# Supplied entries
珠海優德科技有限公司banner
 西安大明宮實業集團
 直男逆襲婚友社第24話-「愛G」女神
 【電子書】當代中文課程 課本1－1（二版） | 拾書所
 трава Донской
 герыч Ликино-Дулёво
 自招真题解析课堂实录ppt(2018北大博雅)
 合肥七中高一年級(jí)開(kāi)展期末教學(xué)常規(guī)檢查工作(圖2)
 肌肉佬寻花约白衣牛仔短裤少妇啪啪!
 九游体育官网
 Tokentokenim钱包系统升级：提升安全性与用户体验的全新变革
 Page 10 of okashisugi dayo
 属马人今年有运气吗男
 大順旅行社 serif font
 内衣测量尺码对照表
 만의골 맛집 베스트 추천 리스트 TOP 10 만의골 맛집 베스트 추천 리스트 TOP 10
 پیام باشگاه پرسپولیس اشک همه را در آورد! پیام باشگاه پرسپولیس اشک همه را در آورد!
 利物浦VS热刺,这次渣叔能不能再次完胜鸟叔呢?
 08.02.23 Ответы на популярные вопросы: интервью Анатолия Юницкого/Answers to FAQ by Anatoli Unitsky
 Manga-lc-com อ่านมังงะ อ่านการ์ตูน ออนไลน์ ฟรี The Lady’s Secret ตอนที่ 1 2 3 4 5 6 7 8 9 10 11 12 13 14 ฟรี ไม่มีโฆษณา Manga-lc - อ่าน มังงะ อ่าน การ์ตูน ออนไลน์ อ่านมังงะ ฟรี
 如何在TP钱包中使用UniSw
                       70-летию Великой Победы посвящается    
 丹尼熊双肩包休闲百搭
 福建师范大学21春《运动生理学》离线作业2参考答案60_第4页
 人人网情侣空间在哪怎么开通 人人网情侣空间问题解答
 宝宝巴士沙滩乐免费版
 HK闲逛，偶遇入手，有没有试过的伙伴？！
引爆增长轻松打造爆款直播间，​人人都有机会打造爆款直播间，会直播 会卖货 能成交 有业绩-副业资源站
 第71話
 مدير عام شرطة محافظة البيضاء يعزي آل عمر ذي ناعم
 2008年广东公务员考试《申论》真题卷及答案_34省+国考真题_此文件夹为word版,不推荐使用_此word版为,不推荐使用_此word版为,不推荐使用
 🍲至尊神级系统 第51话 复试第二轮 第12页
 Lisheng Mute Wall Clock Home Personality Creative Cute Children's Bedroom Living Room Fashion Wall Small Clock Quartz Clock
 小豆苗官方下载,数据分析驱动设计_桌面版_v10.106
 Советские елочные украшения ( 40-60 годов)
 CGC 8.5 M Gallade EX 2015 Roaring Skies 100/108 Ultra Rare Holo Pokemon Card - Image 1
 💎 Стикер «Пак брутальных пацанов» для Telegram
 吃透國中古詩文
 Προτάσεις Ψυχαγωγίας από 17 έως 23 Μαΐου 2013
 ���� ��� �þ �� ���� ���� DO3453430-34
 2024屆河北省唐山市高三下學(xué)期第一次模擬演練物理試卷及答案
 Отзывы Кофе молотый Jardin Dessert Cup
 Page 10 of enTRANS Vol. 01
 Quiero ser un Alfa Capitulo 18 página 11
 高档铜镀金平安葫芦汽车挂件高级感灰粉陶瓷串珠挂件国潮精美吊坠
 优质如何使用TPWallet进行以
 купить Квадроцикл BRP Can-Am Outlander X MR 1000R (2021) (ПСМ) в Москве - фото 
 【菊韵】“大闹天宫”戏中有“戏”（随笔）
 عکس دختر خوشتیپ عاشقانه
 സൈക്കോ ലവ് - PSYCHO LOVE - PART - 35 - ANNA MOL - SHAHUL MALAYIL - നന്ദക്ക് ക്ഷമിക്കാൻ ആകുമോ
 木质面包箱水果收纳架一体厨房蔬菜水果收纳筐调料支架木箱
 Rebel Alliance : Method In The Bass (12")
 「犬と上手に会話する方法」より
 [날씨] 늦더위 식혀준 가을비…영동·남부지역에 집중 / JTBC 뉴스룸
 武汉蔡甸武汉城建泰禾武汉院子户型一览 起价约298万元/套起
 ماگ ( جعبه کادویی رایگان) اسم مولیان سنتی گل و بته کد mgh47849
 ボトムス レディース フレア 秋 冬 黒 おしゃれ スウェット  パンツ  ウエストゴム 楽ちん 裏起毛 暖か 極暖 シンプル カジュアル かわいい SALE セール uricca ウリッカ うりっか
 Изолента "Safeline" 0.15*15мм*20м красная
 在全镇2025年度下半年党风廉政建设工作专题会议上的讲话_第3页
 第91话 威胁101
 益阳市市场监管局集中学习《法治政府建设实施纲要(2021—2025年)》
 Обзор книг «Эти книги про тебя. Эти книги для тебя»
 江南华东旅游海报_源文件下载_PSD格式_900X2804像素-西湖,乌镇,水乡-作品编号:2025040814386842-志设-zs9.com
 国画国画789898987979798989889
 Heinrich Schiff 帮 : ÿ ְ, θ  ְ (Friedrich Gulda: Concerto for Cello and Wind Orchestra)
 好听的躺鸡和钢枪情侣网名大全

# Task instructions
Please return the records above in their exact form.

# Expected answer
珠海優德科技有限公司banner
 西安大明宮實業集團
 直男逆襲婚友社第24話-「愛G」女神
 【電子書】當代中文課程 課本1－1（二版） | 拾書所
 трава Донской
 герыч Ликино-Дулёво
 自招真题解析课堂实录ppt(2018北大博雅)
 合肥七中高一年級(jí)開(kāi)展期末教學(xué)常規(guī)檢查工作(圖2)
 肌肉佬寻花约白衣牛仔短裤少妇啪啪!
 九游体育官网
 Tokentokenim钱包系统升级：提升安全性与用户体验的全新变革
 Page 10 of okashisugi dayo
 属马人今年有运气吗男
 大順旅行社 serif font
 内衣测量尺码对照表
 만의골 맛집 베스트 추천 리스트 TOP 10 만의골 맛집 베스트 추천 리스트 TOP 10
 پیام باشگاه پرسپولیس اشک همه را در آورد! پیام باشگاه پرسپولیس اشک همه را در آورد!
 利物浦VS热刺,这次渣叔能不能再次完胜鸟叔呢?
 08.02.23 Ответы на популярные вопросы: интервью Анатолия Юницкого/Answers to FAQ by Anatoli Unitsky
 Manga-lc-com อ่านมังงะ อ่านการ์ตูน ออนไลน์ ฟรี The Lady’s Secret ตอนที่ 1 2 3 4 5 6 7 8 9 10 11 12 13 14 ฟรี ไม่มีโฆษณา Manga-lc - อ่าน มังงะ อ่าน การ์ตูน ออนไลน์ อ่านมังงะ ฟรี
 如何在TP钱包中使用UniSw
                       70-летию Великой Победы посвящается    
 丹尼熊双肩包休闲百搭
 福建师范大学21春《运动生理学》离线作业2参考答案60_第4页
 人人网情侣空间在哪怎么开通 人人网情侣空间问题解答
 宝宝巴士沙滩乐免费版
 HK闲逛，偶遇入手，有没有试过的伙伴？！
引爆增长轻松打造爆款直播间，​人人都有机会打造爆款直播间，会直播 会卖货 能成交 有业绩-副业资源站
 第71話
 مدير عام شرطة محافظة البيضاء يعزي آل عمر ذي ناعم
 2008年广东公务员考试《申论》真题卷及答案_34省+国考真题_此文件夹为word版,不推荐使用_此word版为,不推荐使用_此word版为,不推荐使用
 🍲至尊神级系统 第51话 复试第二轮 第12页
 Lisheng Mute Wall Clock Home Personality Creative Cute Children's Bedroom Living Room Fashion Wall Small Clock Quartz Clock
 小豆苗官方下载,数据分析驱动设计_桌面版_v10.106
 Советские елочные украшения ( 40-60 годов)
 CGC 8.5 M Gallade EX 2015 Roaring Skies 100/108 Ultra Rare Holo Pokemon Card - Image 1
 💎 Стикер «Пак брутальных пацанов» для Telegram
 吃透國中古詩文
 Προτάσεις Ψυχαγωγίας από 17 έως 23 Μαΐου 2013
 ���� ��� �þ �� ���� ���� DO3453430-34
 2024屆河北省唐山市高三下學(xué)期第一次模擬演練物理試卷及答案
 Отзывы Кофе молотый Jardin Dessert Cup
 Page 10 of enTRANS Vol. 01
 Quiero ser un Alfa Capitulo 18 página 11
 高档铜镀金平安葫芦汽车挂件高级感灰粉陶瓷串珠挂件国潮精美吊坠
 优质如何使用TPWallet进行以
 купить Квадроцикл BRP Can-Am Outlander X MR 1000R (2021) (ПСМ) в Москве - фото 
 【菊韵】“大闹天宫”戏中有“戏”（随笔）
 عکس دختر خوشتیپ عاشقانه
 സൈക്കോ ലവ് - PSYCHO LOVE - PART - 35 - ANNA MOL - SHAHUL MALAYIL - നന്ദക്ക് ക്ഷമിക്കാൻ ആകുമോ
 木质面包箱水果收纳架一体厨房蔬菜水果收纳筐调料支架木箱
 Rebel Alliance : Method In The Bass (12")
 「犬と上手に会話する方法」より
 [날씨] 늦더위 식혀준 가을비…영동·남부지역에 집중 / JTBC 뉴스룸
 武汉蔡甸武汉城建泰禾武汉院子户型一览 起价约298万元/套起
 ماگ ( جعبه کادویی رایگان) اسم مولیان سنتی گل و بته کد mgh47849
 ボトムス レディース フレア 秋 冬 黒 おしゃれ スウェット  パンツ  ウエストゴム 楽ちん 裏起毛 暖か 極暖 シンプル カジュアル かわいい SALE セール uricca ウリッカ うりっか
 Изолента "Safeline" 0.15*15мм*20м красная
 在全镇2025年度下半年党风廉政建设工作专题会议上的讲话_第3页
 第91话 威胁101
 益阳市市场监管局集中学习《法治政府建设实施纲要(2021—2025年)》
 Обзор книг «Эти книги про тебя. Эти книги для тебя»
 江南华东旅游海报_源文件下载_PSD格式_900X2804像素-西湖,乌镇,水乡-作品编号:2025040814386842-志设-zs9.com
 国画国画789898987979798989889
 Heinrich Schiff 帮 : ÿ ְ, θ  ְ (Friedrich Gulda: Concerto for Cello and Wind Orchestra)
 好听的躺鸡和钢枪情侣网名大全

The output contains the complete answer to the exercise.